Belajar dari Sumber Waras
Silvian M Mongko ;
Pengamat Sosial Politik
|
MEDIA INDONESIA,
20 April 2016
SIAPA yang tak tahu RS Sumber Waras Jakarta? Nama yang kini
mungkin menjadi sumber ketidakwarasan publik. Entahlah. Sejak awal polemik
ini, ada indikasi ketidakwarasan di pusaran Sumber Waras. Apa sebab? Basis
argumentasi yang menentang kebijakan pembelian sebagian lahan RS Sumber Waras
oleh Pemprov DKI, pada hemat saya, sarat muatan politis.
Ada kesan menyerang sekadar mencari-cari kesalahan atau
menjatuhkan. Terlebih lagi karena Sumber Waras dihubungkan dengan figur
Gubernur DKI Basuki Tjahaja Purnama (Ahok) yang sedang melejit reputasi
politiknya. Pembelian 3,6 hektare lahan RS Sumber Waras telah menyalahi
prosedur dan menimbulkan kerugian uang negara dengan jumlah yang begitu
fantastis: sekitar Rp191 miliar. Anehnya, orang sekaliber dengan otak doktor
dan profesor bisa terjebak dalam argumentasi tendensius untuk menyerang
habis-habisan Ahok.
Saya merasa aneh saja: ketika orang-orang 'pintar' hadir dalam
diskusi Indonesia Lawyers Club (ILC), sebuah forum terhormat yang
menghadirkan orang-orang melek hukum, malah berargumentasi secara tendensius
untuk mendesak KPK secepatnya menetapkan Ahok sebagai sesat prosedur hukum.
Tentu dengan harapan Ahok bisa keluar dari Gedung KPK sambil mengenakan rompi
oranye. Untuk itu, saya ingin membaca polemik Sumber Waras dari dua sudut
pandang, pendidikan politik dan kepastian hukum.
Pendidikan
politik
Tidak bisa dimungkiri, polemik pembelian sebagian lahan RS
Sumber Waras dapat dibaca dalam konteks 'perang' politik jelang pilkada DKI.
Spekulasi macam apa pun, rasanya sulit membantah fakta itu. Polemik muncul
secara intens ketika konsentrasi politik dikerahkan untuk memenangi Pilkada
DKI 2017. Pada saat yang sama, nama Ahok mendapat dukungan spontan yang kian
melejit tak terbendung.
Dukungan kuat dari masyarakat dihimpun melalui Teman Ahok.
Mereka berhasil mengumpulkan KTP lebih dari batas minimal untuk pencalonan
Ahok secara independen.
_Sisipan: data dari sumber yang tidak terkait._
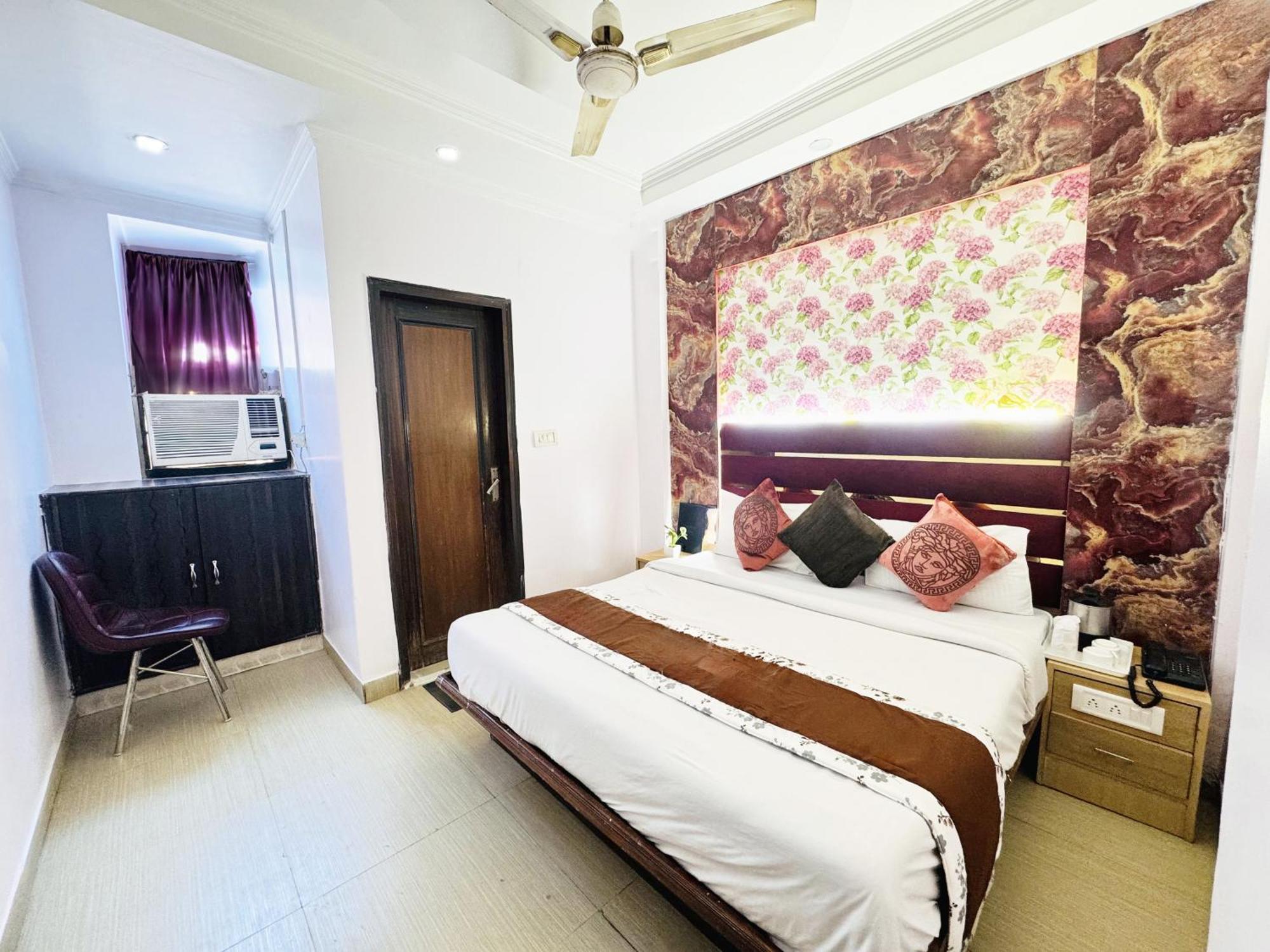Hotel Jai Balaji, Paharganj, New Delhi Railway Station Luaran gambar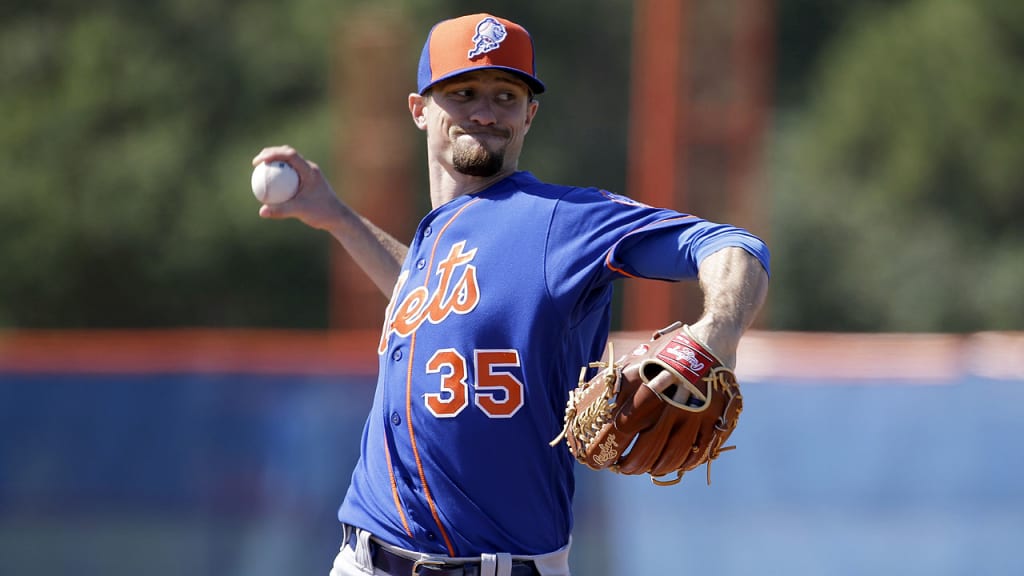 Logan Verrett is among the Mets' roster hopefuls who will pitch in Tuesday's intrasquad game. (AP)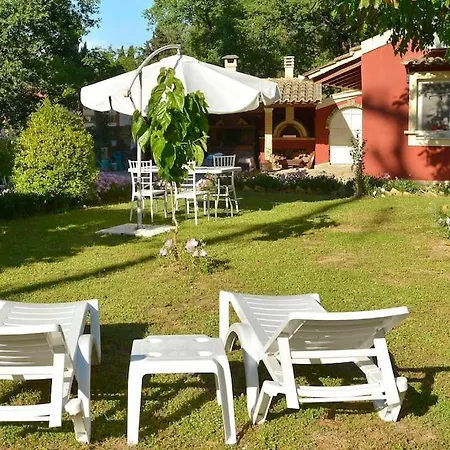 Hébergement de vacances Little Red In Kompítsion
Apa kuncinya?
Pada hemat saya, kekuatan ketokohan, independensi dan daya
dobrak politik Ahok sejauh ini berhasil memecahkan sejumlah kebuntuan politik
untuk menyelesaikan berbagai persoalan politik di Ibu Kota. Kiprah politik
yang baru berjalan sekitar dua tahun ini membawa dampak signifikan untuk
mengakhiri sejumlah persoalan pelik yang selama ini seakan tak terselesaikan.
Gebrakan yang membuat Ahok mendapat banyak simpati dari warga. Maka untuk
lawan politik, Ahok hadir bak petir yang menggelegar di ubun-ubun.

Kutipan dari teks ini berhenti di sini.